Multi-Turn Conversations: Building B2B Product AI That Remembers Context

Single-turn Q&A is the easy part. Learn how to architect stateful, multi-turn conversations for product AI — handling follow-ups, pronoun resolution, cart-building, and ambiguity across a complete buying session.

Axoverna Team
15 min read

Most product AI demos look the same: a single question, a single crisp answer. "What is the load capacity of the HD-500 shelf bracket?""The HD-500 supports up to 200 kg per bracket." Clean. Impressive. Done.

But real buyers don't work that way.

They start broad: "What shelf brackets do you have for heavy loads?" Then narrow: "Which of those come in stainless?" Then get specific: "How many do I need for a 2-meter shelf?" Then ask a follow-up: "And can I get those with same-week delivery?" And if the AI doesn't remember that the "those" refers to the M12-grade stainless bracket they landed on two turns ago — the conversation falls apart.

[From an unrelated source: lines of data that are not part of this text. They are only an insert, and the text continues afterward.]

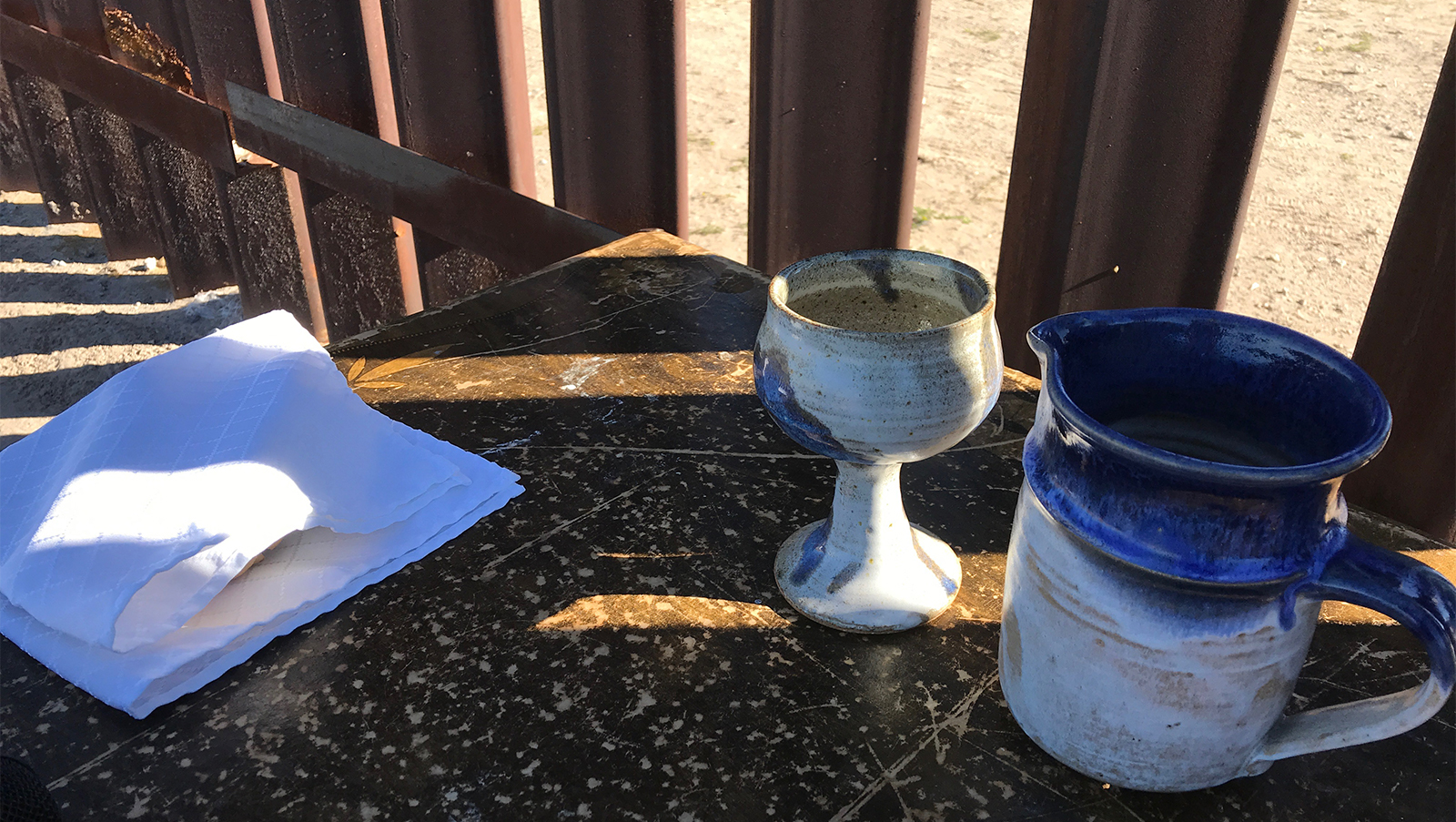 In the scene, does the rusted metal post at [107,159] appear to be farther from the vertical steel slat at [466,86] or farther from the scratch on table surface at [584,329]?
the scratch on table surface at [584,329]

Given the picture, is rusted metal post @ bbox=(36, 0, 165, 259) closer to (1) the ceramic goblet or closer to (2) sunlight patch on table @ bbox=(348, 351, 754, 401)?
(2) sunlight patch on table @ bbox=(348, 351, 754, 401)

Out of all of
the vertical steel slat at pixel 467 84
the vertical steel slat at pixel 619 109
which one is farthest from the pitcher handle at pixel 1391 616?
the vertical steel slat at pixel 467 84

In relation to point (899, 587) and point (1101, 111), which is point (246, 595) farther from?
point (1101, 111)

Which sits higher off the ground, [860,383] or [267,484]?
[860,383]

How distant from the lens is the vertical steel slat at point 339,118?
2094mm

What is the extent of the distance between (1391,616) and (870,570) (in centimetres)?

Multi-turn conversation handling is the gap between a product AI that demos well and one that actually closes sales. This article covers how to architect it properly.


Why Multi-Turn Is Hard (It's Not Just Context Windows)

The naive solution — dump the entire conversation history into the LLM context — breaks down faster than you'd expect, and for reasons beyond token limits.

The Retrieval Problem

In a single-turn RAG system, retrieval is simple: embed the user's query, find the nearest chunks, stuff them into the prompt. In a multi-turn system, the retrieval query is no longer obvious.

When a buyer types "What about the stainless version?", there is no standalone question here. To retrieve relevant chunks, you need to understand that "stainless version" refers to the shelf bracket from two turns back. The retrieval query should probably be "stainless steel shelf bracket HD-500 specifications" — but the raw message gives you none of that.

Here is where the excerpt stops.